Also get familiar with a single batch from the train_dist_dataset:
- Each batch has 64 features and labels

In [16]:
# Take a look at a single batch from the train_dist_dataset
x: tuple[tf.Tensor, ...] = iter(train_dist_dataset).get_next()

print(f"x is a tuple that contains {len(x)} values ")
print(f"x[0] contains the features, and has shape {x[0].shape}")
print(f"  so it has {x[0].shape[0]} examples in the batch, each is an", end="")
print(f" image that is {x[0].shape[1:]}")
print(f"x[1] contains the labels, and has shape {x[1].shape}")

x is a tuple that contains 2 values 
x[0] contains the features, and has shape (64, 224, 224, 3)
  so it has 64 examples in the batch, each is an image that is (224, 224, 3)
x[1] contains the labels, and has shape (64,)


## Create the model

Use the Model Subclassing API to create model `ResNetModel` as a subclass of `tf.keras.Model`.

In [17]:
class ResNetModel(tf.keras.Model):
    def __init__(self, classes) -> None:
        super(ResNetModel, self).__init__()
        self._feature_extractor: hub.KerasLayer = hub.KerasLayer(
            MODULE_HANDLE, trainable=False
        )
        self._classifier: tf.keras.layers.Layer = tf.keras.layers.Dense(
            classes, activation='softmax'
        )

    def call(self, inputs: tf.Tensor) -> tf.Tensor:
        x: tf.Tensor = self._feature_extractor(inputs)
        x = self._classifier(x)
        return x

Create a checkpoint directory to store the checkpoints (the model's weights during training).

In [18]:
# Create a checkpoint directory to store the checkpoints.
checkpoint_dir: str = './training_checkpoints'
checkpoint_prefix: str = os.path.join(checkpoint_dir, "ckpt")

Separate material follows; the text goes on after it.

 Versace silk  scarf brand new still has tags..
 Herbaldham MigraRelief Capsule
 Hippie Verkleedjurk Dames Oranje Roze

## Define the loss function

You'll define the `loss_object` and `compute_loss` within the `strategy.scope()`.
- `loss_object` will be used later to calculate the loss on the test set.
- `compute_loss` will be used later to calculate the average loss on the training data.

You will be using these two loss calculations later.

In [19]:
with strategy.scope():
    # Set reduction to `NONE` so we can do the reduction afterwards and divide
    # by the global batch size.
    Losses = tf.keras.losses.Loss
    loss_object: Losses = tf.keras.losses.SparseCategoricalCrossentropy(
        reduction=tf.keras.losses.Reduction.NONE
    )
    # or loss_fn = tf.keras.losses.sparse_categorical_crossentropy
    def compute_loss(labels: tf.Tensor, predictions: tf.Tensor) -> tf.Tensor:
        per_example_loss: tf.Tensor = loss_object(labels, predictions)
        return tf.nn.compute_average_loss(
            per_example_loss, global_batch_size=GLOBAL_BATCH_SIZE
        )

    Metrics = tf.keras.metrics.Metric
    test_loss: Metrics = tf.keras.metrics.Mean(name='test_loss')

## Define the metrics to track loss and accuracy

These metrics track the test loss and training and test accuracy.
- You can use `.result()` to get the accumulated statistics at any time, for example, `train_accuracy.result()`.

In [20]:
with strategy.scope():
    train_accuracy: Metrics = tf.keras.metrics.SparseCategoricalAccuracy(
        name='train_accuracy'
    )
    test_accuracy: Metrics = tf.keras.metrics.SparseCategoricalAccuracy(
        name='test_accuracy'
    )

## Instantiate the model, optimizer, and checkpoints

This code is given to you.  Just remember that they are created within the `strategy.scope()`.
- Instantiate the ResNetModel, passing in the number of classes
- Create an instance of the Adam optimizer.
- Create a checkpoint for this model and its optimizer.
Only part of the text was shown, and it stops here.